Open the aperture as wide as possible

In night-sky photography the goal is to gather as much light as possible. Use the widest aperture your lens allows (f/1.4–f/2.8). At a value narrower than f/2.8, the faint detail in the sky and the texture of the Milky Way disappear.

Start ISO in the 3200–6400 range

The typical ISO range for Milky Way shots is 800–6400; it varies with light pollution, moonlight and your camera’s sensor performance. Away from the city, under a dark sky, ISO 3200–6400 is a good starting point. If your camera’s noise performance is poor, stopping ISO down a little and lengthening the exposure (while still obeying the shutter rule) can give a cleaner result.

Gear: a sturdy tripod and a remote release

In night photography even the slightest vibration creates noticeable blur in a 10–30 second exposure. A sturdy tripod, a remote release (or a 2-second timer) and, if possible, a wide-angle, fast-aperture lens make up the basic gear list.
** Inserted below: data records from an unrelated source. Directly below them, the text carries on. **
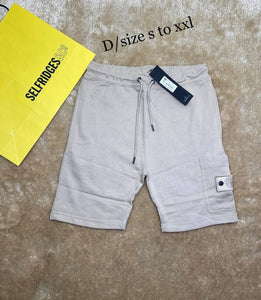 short men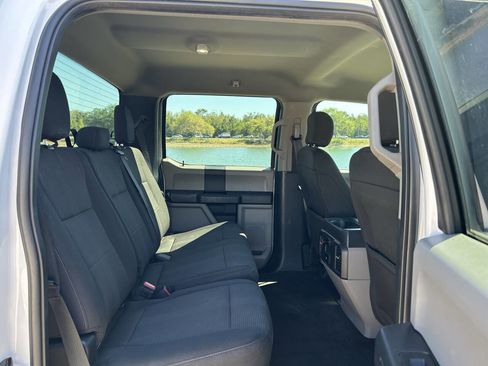 Used 2018 Ford F150 XL w/ Equipment Group 101A Mid image 32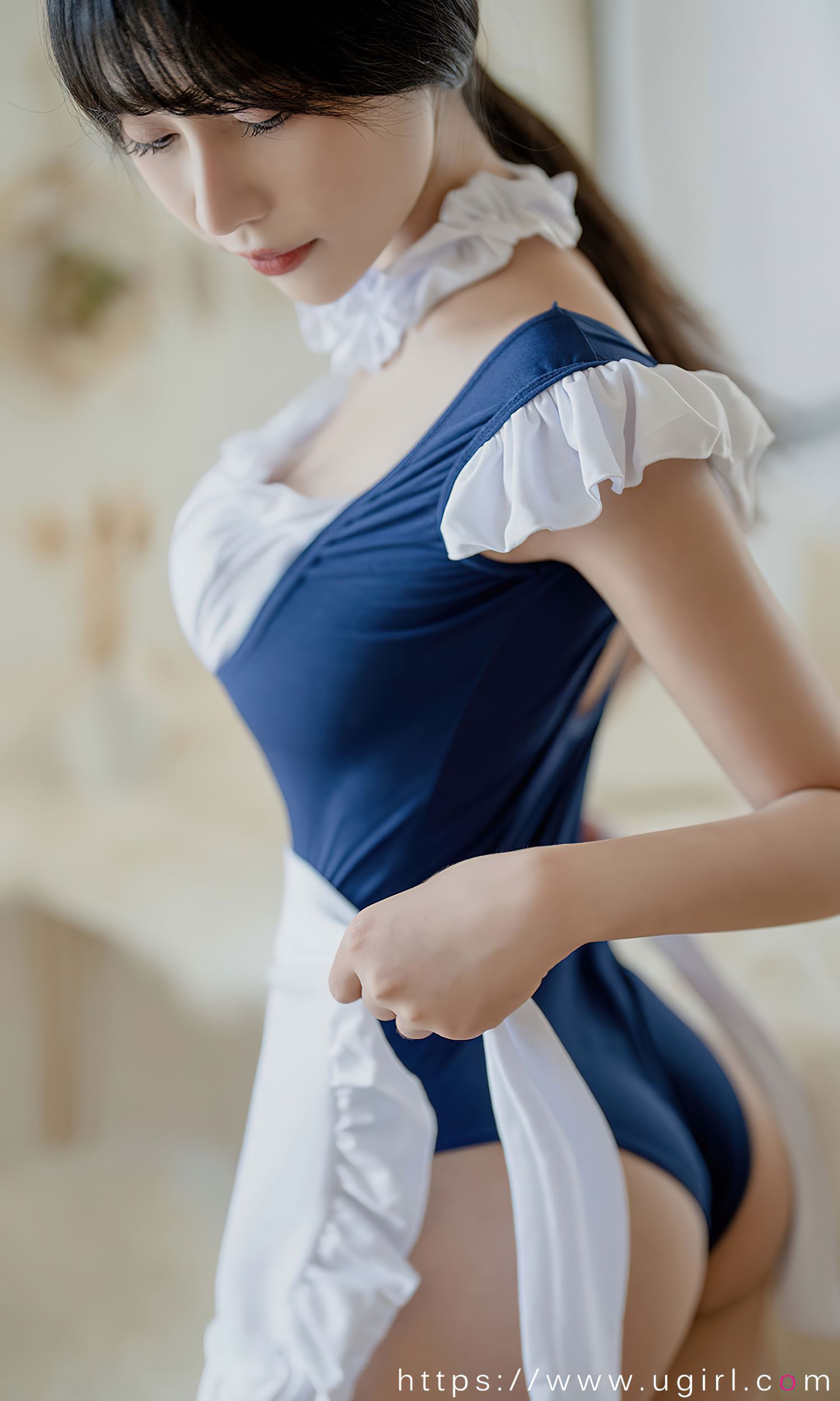 图片[17]-[爱尤物]2022 NO.2388 柚子 尤宠[35P] – 速更版-美库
Focusing: focus on a star, not on infinity

Autofocus almost never works in night conditions. Set the lens to manual, zoom in on the brightest star or a distant light in Live View, and turn the focus ring until that point looks smallest and sharpest. Don’t trust the “∞” mark on the lens — on most modern lenses this mark can be a few degrees off from true infinity focus.